> **Exercise**
Leave out every picture, and restate word for word only the lines from the one containing "Tensie tricko zn.tchibo, tcm,80" through the end of the material.
Records supplied: Begin
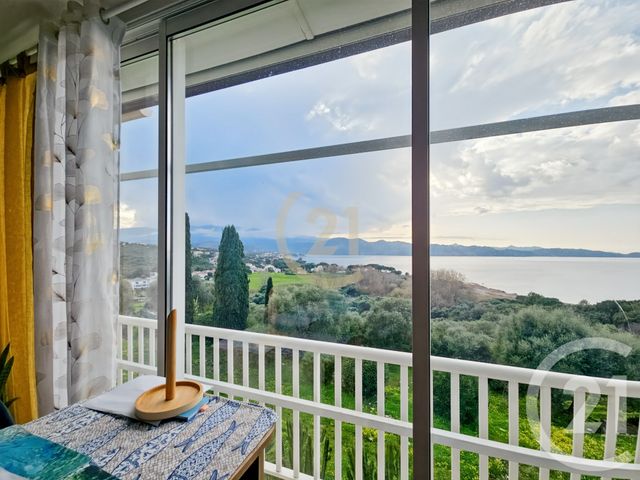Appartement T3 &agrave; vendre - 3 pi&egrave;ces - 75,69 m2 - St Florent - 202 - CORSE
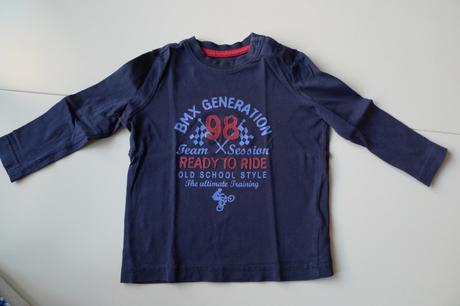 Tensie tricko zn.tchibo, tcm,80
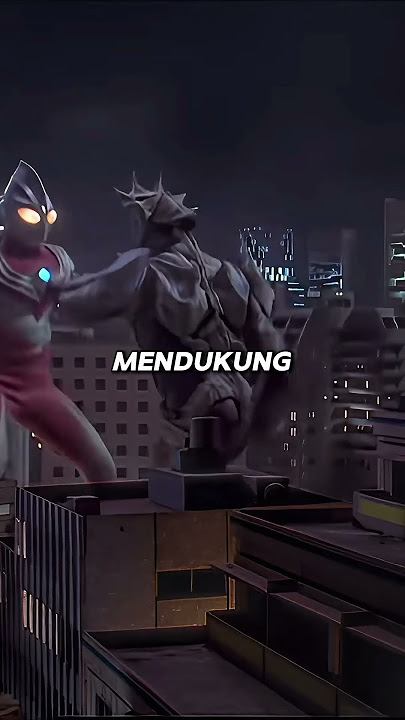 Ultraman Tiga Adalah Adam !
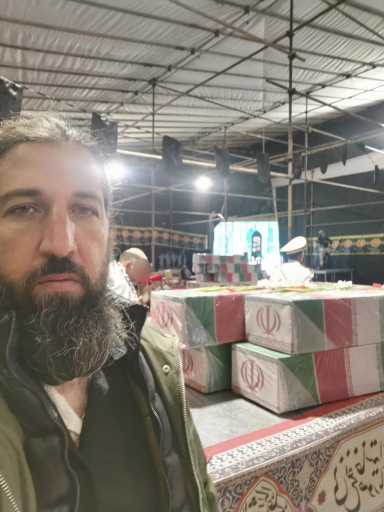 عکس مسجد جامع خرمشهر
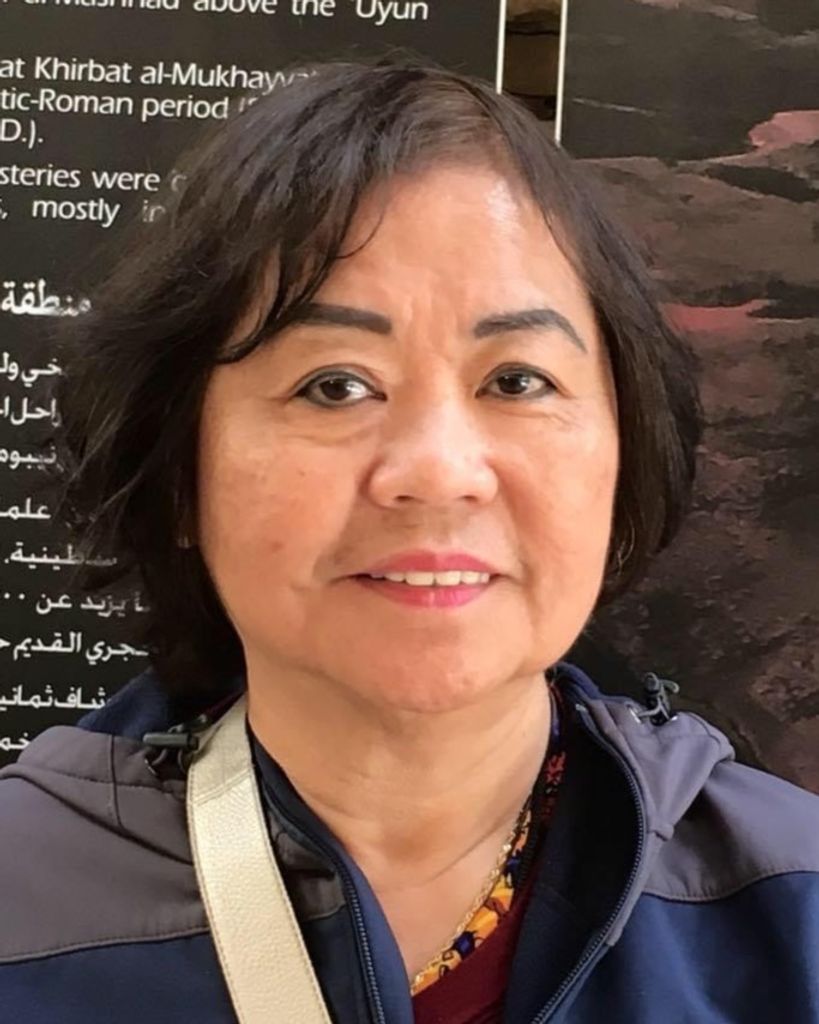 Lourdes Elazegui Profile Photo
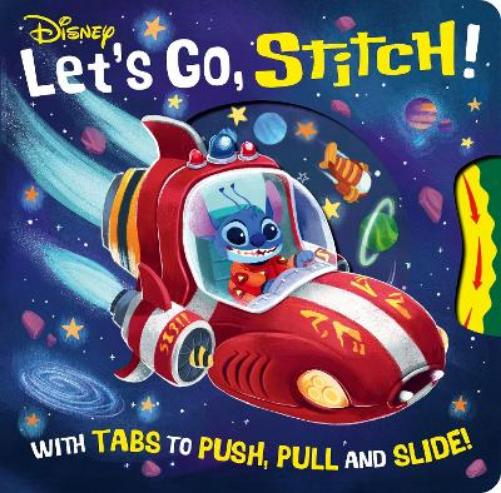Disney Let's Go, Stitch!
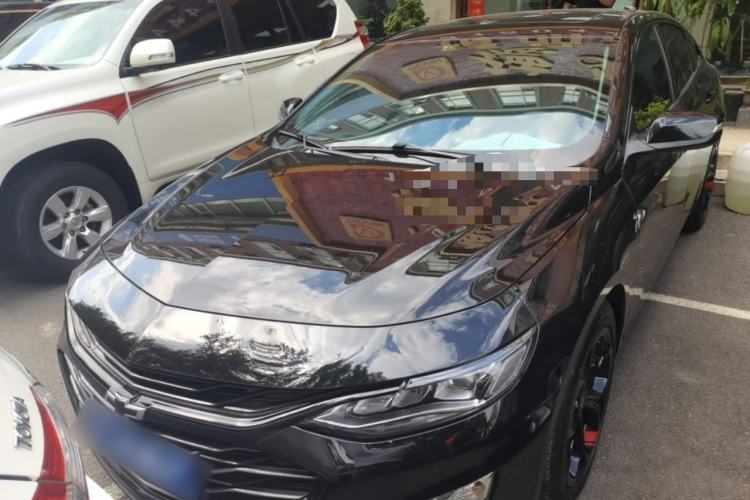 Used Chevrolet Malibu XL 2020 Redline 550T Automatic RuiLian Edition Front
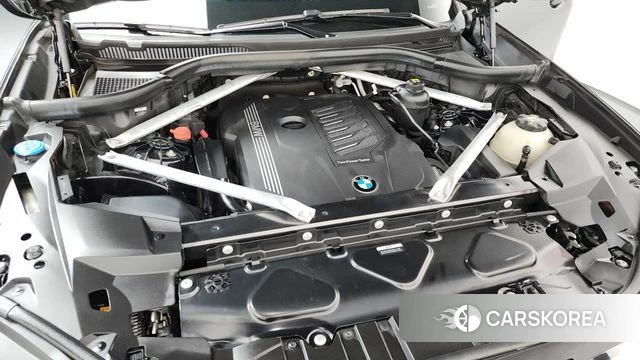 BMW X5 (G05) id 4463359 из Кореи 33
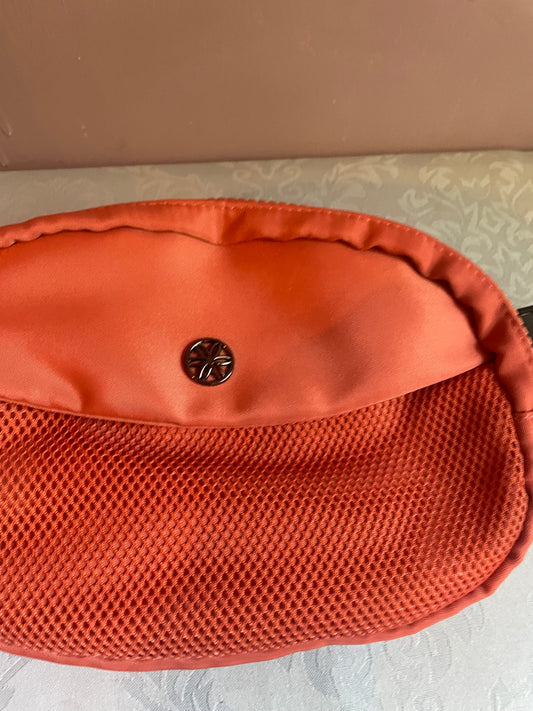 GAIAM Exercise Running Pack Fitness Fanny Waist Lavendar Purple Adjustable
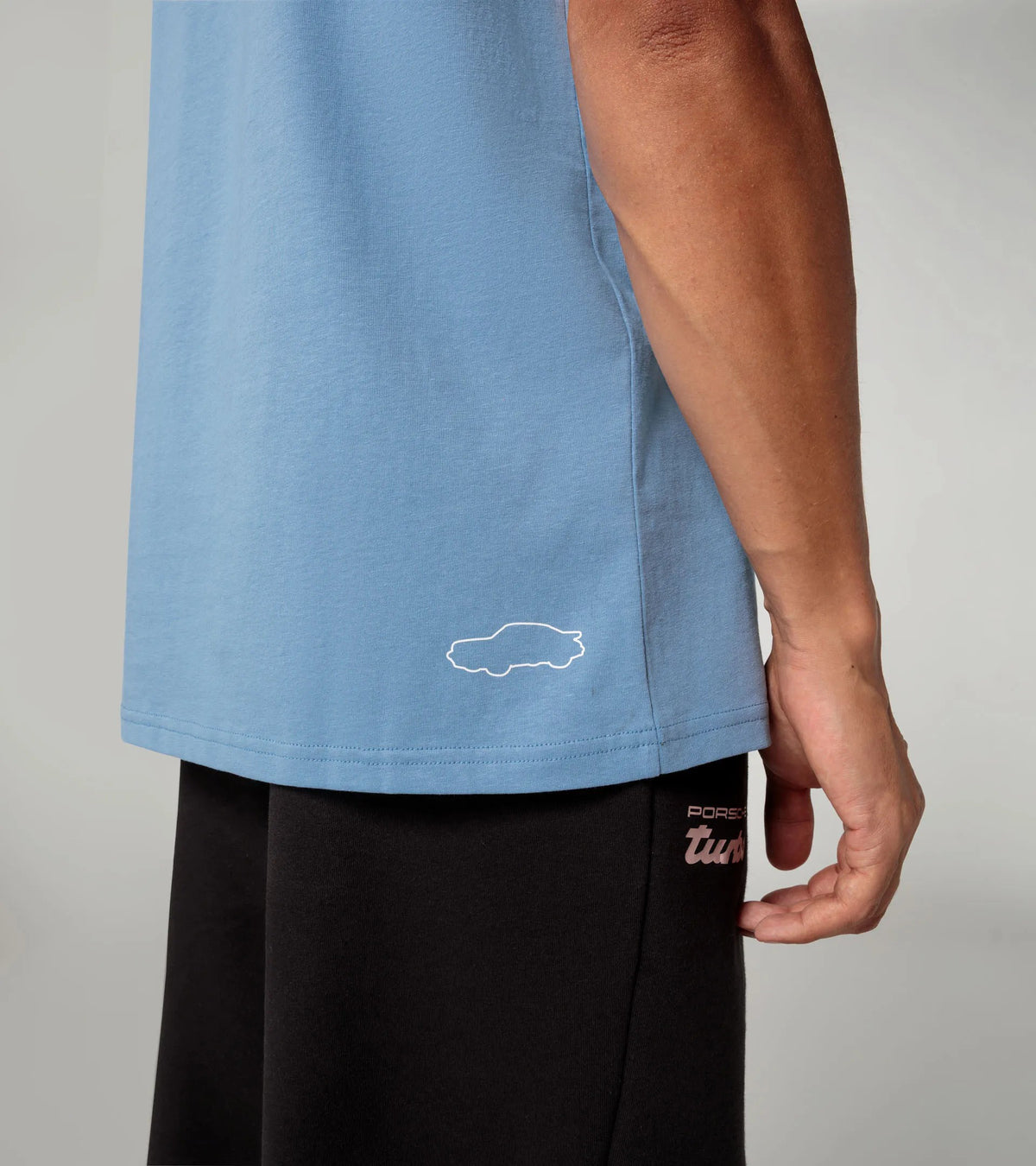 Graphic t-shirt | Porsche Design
Records supplied: End
> **Response**
 Tensie tricko zn.tchibo, tcm,80
 Ultraman Tiga Adalah Adam !
 عکس مسجد جامع خرمشهر
 Lourdes Elazegui Profile Photo
Disney Let's Go, Stitch!
 Used Chevrolet Malibu XL 2020 Redline 550T Automatic RuiLian Edition Front
 BMW X5 (G05) id 4463359 из Кореи 33
 GAIAM Exercise Running Pack Fitness Fanny Waist Lavendar Purple Adjustable
 Graphic t-shirt | Porsche Design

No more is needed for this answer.